Obrona chciała uniewinnienia od zarzutu sprowadzenia niebezpieczeństwa dla życia lub zdrowia wielu osób, poprzez spowodowanie zagrożenia epidemiologicznego; prokuratura - dodatkowej kary 5 tys. zł grzywny. Sąd apelacyjny oddalił obie skargi, utrzymując wyrok pół roku więzienia w zawieszeniu na dwa lata.

Suwalska prokuratura zarzuciła przedsiębiorcy, że - w ramach działalności gospodarczej prowadzonej w Wiżajnach (Podlaskie) - działając na zlecenie innych osób (w tym wypadku państwa młodych) i wbrew obowiązującym wówczas przepisom, zorganizował 17 kwietnia 2021 roku w Suwałkach uroczystość weselną, w której uczestniczyły co najmniej 43 osoby (licząc gości weselnych, nowożeńców i obsługę), z udostępnieniem miejsca do tańca i podawaniem posiłków gościom przy stołach.

Śledczy opierali się na rozporządzeniu Rady Ministrów z 19 marca 2021 roku, w sprawie ustanowienia określonych ograniczeń, nakazów i zakazów w związku z wystąpieniem stanu epidemii koronawirusa i zapisie z tego rozporządzenia o tym, że maksymalna liczba uczestników imprezy masowej nie może być większa, niż pięć osób.

W ocenie prokuratury, w tej sytuacji - organizując takie weselne przyjęcie z udziałem ponad 40 osób - przedsiębiorca sprowadził niebezpieczeństwo dla zdrowia lub życia wielu osób, poprzez szerzenie się choroby zakaźnej wywołanej COVID-19.

Reklama

Sąd odwoławczy przyznał, że sprawa jest nietypowa i wymagała szczegółowej analizy wszelkich jej okoliczności, również posiłkowania się danymi, których apelacje nie obejmowały.

Przedsiębiorca został skazany w oparciu o art. 165 par. 1 pkt 1 Kodeksu karnego, który mówi o odpowiedzialności karnej za sprowadzenie niebezpieczeństwa dla życia lub zdrowia wielu osób albo dla mienia w wielkich rozmiarach poprzez szerzenie się choroby zakaźnej.

Jak wyjaśniał sędzia Jerzy Szczurewski, skutkiem nie musi być zachorowanie na koronawirusa, a - w tym konkretnym przypadku - szerzenie się choroby zakaźnej i samo wystąpienie takiego niebezpieczeństwa pandemii.
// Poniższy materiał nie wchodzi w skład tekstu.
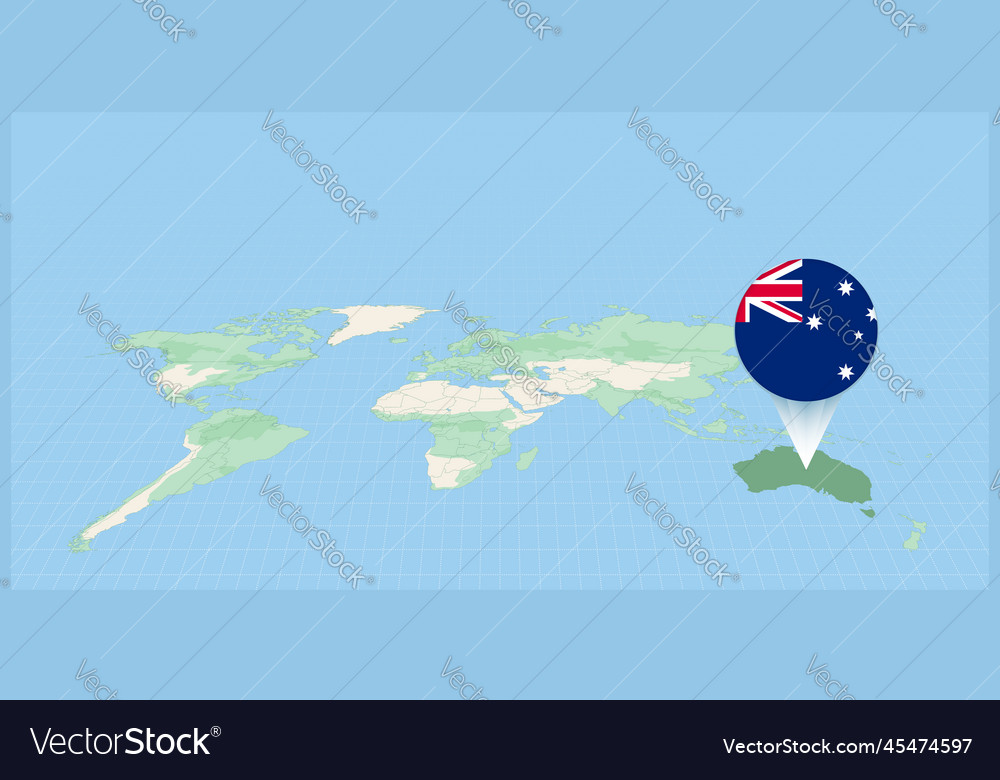 Location of australia on the world map marked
Przestępstwo to może być popełnione umyślnie lub nie. Sąd ocenił, że w przypadku przedsiębiorcy można mówić o działaniu umyślnym.
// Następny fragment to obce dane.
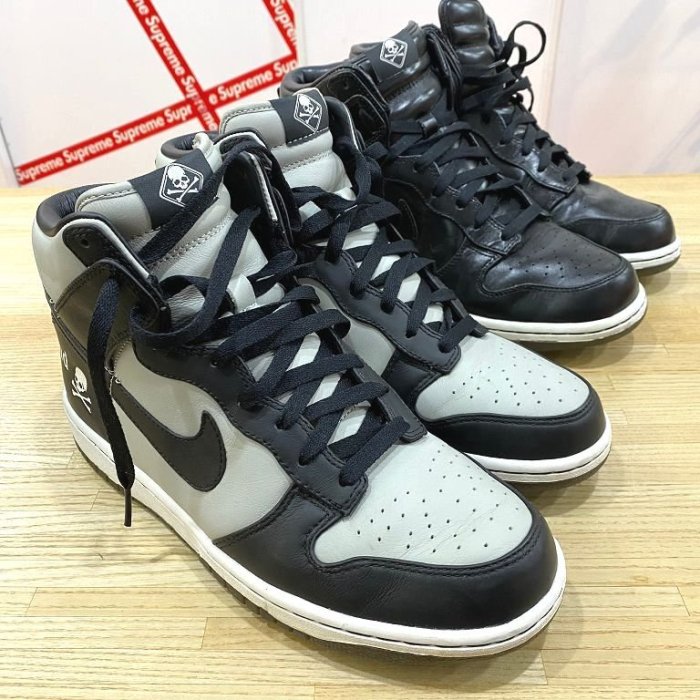 BLACK極新MASTERMIND JAPAN x FCRB x NIKE真皮MMJ骷髏F.C.R.B牛皮DUNK SB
W ustnym uzasadnieniu wyroku sędzia Szczurewski podkreślał, że istotą sprawy nie było niekonstytucyjność przepisów rozporządzenia Rady Ministrów, na co zwracał w swojej apelacji uwagę obrońca, ale faktyczny stan zagrożenia pandemią.

"Rzecz nie w niekonstytucyjności przepisu zakazującego organizacji imprez, lecz w ocenie faktycznie istniejącego stanu zagrożenia szerzenia się choroby zakaźnej. Faktycznego istnienia pandemii, a w konsekwencji - ogromnego zagrożenia dla życia i zdrowia wielu ludzi" - mówił sędzia Szczurewski.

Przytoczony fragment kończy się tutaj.